| SOURCE DATA |
────────────────────

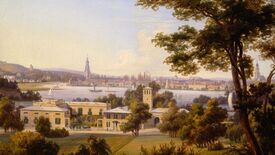 Harfenklänge zur Weihnacht – Marianne Boettcher & Domenica Reetz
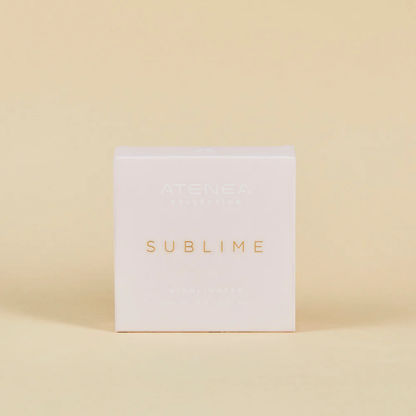 ILUMINADOR EFECTO HÚMEDO SUBLIME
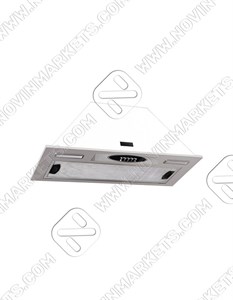 هود پرنیان استیل مدل PH 4702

────────────────────

| PROBLEM TO SOLVE |
Pictures stay out; everything else in the listing above gets repeated exactly.

| EXERCISE ANSWER |
 Harfenklänge zur Weihnacht – Marianne Boettcher & Domenica Reetz
 ILUMINADOR EFECTO HÚMEDO SUBLIME
 هود پرنیان استیل مدل PH 4702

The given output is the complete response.